Personal information
- Full name: John Alexander Wright Kirk
- Born: 2 December 1888 Coatbridge, Lanarkshire, Scotland
- Died: 21 October 1961 (aged 72) Coatbridge, Lanarkshire, Scotland
- Batting: Right-handed
- Bowling: Right-arm medium

Domestic team information
- 1920–1923: Scotland

Career statistics
| Competition | First-class |
| Matches | 3 |
| Runs scored | 15 |
| Batting average | 3.75 |
| 100s/50s | –/– |
| Top score | 11 |
| Balls bowled | 792 |
| Wickets | 11 |
| Bowling average | 31.36 |
| 5 wickets in innings | – |
| 10 wickets in match | – |
| Best bowling | 4/80 |
| Catches/stumpings | 3/– |
- Source: Cricinfo, 28 October 2022

= John Kirk (cricketer) =

Scottish cricketer

John Alexander Wright Kirk (2 December 1888 – 21 October 1961) was a Scottish first-class cricketer.

Kirk was born at Coatbridge in December 1888. He was educated at Uddingston Grammar School.
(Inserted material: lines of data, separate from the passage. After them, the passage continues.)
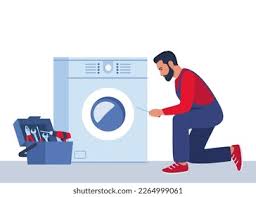 Washing Machine Repair Vector Art, Icons, and Graphics for Free Download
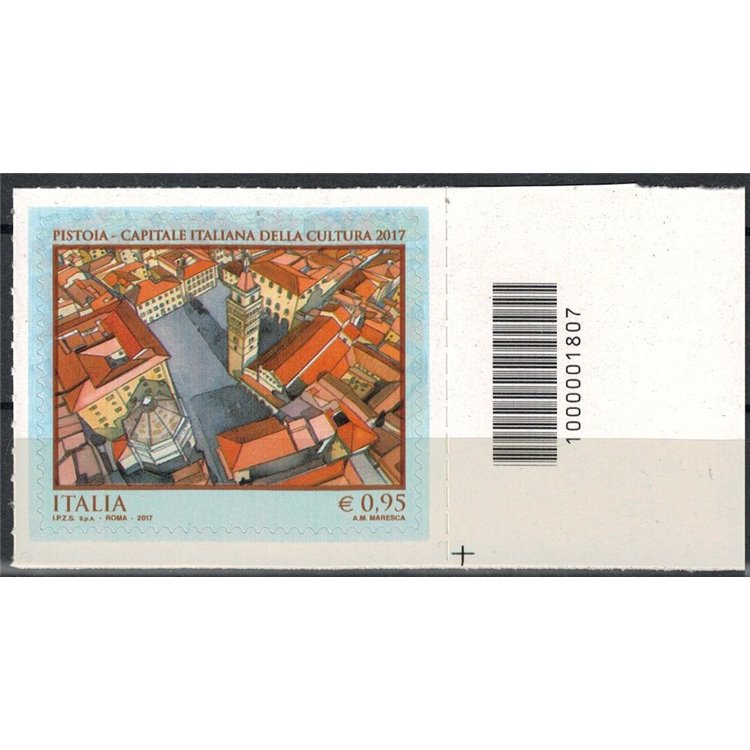 ITALIA 2017 Pistoia Capitale della Cultura CB 1807 aid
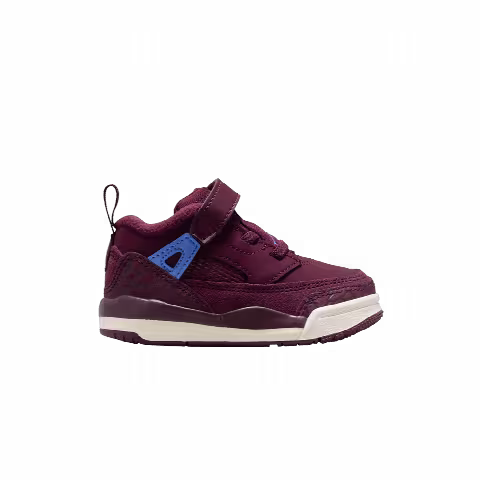 Air Jordan Spizike Low TD 'Bordeaux Hyper Royal'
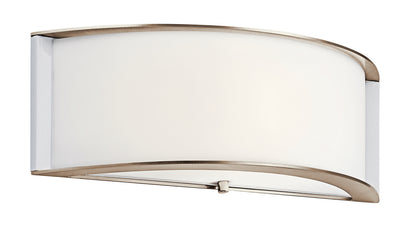 Kichler - 10630PNLED - LED Wall Sconce - No Family - Polished Nickel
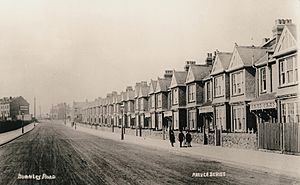 Burnley road c1910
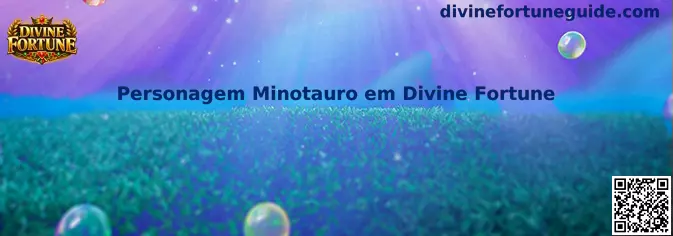 Personagem Minotauro em Divine Fortune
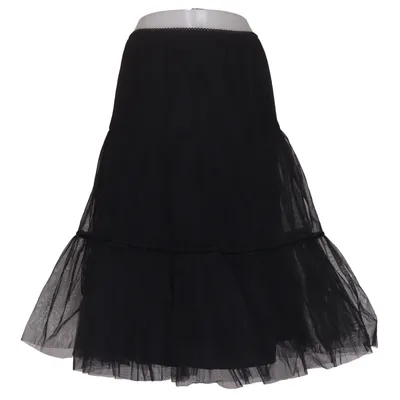 Tulle skirt (Black) from Flash Basic Cotton, Polyamide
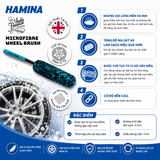  [Hàng Nhập Khẩu Anh] Microfibre Wheel Brush -  Chổi Vệ Sinh Mâm Ô Tô Bằng Vi Sợi - Hãng Auto Finesse 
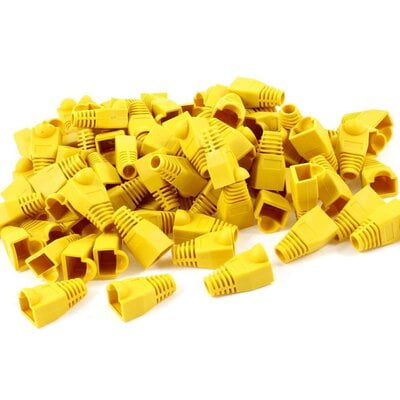Rj45 Cable Boot Yellow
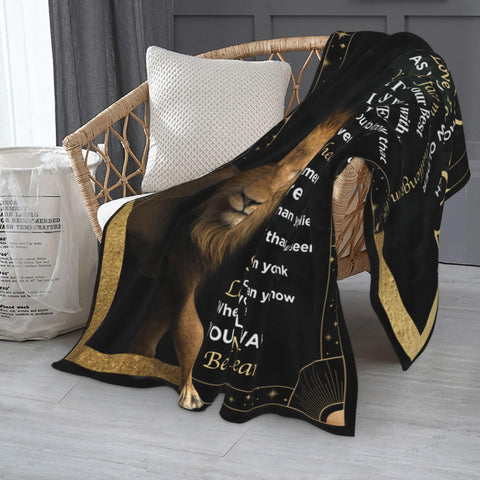 VESDEIN son blanket 60x50 inches, soft touch for cozy lounging at home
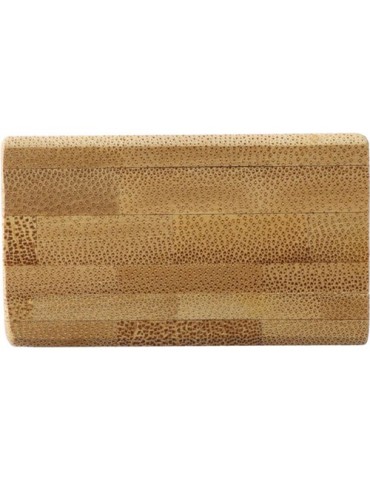 Support personnalisé en bambou pour téléphone Albert Matières : bambou Couleurs : brun impression logo haute qualité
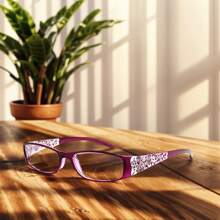 1PC/2PCS/3PCS Fashion Non-Prescription Glasses Retro Versatile Personalized Y2K Stylish Simple Slim Ladies Decoration Suitable For Daily Travel Watching Computer Reading Playing Games, Photography
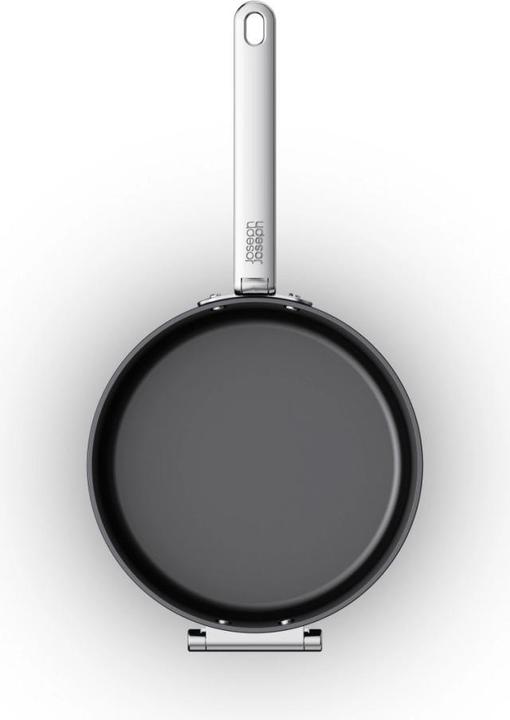 Image du produit Joseph Joseph Space Casserole à manche pliable avec couvercle D23cm (23 cm, Casserole à manche, Aluminium)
A club cricketer for Uddingston, he made his debut for Scotland in first-class cricket against Ireland at Edinburgh in 1920. He made two further first-class appearances against Ireland at Glasgow in 1922 and Dublin in 1923. Playing as a right-arm medium pace bowler, he took 11 wickets at an average of 31.36, with best figures of 4 for 80. As a lower order batsman, he scored 15 runs with a highest score of 11. Kirk died at Coatbridge in October 1961.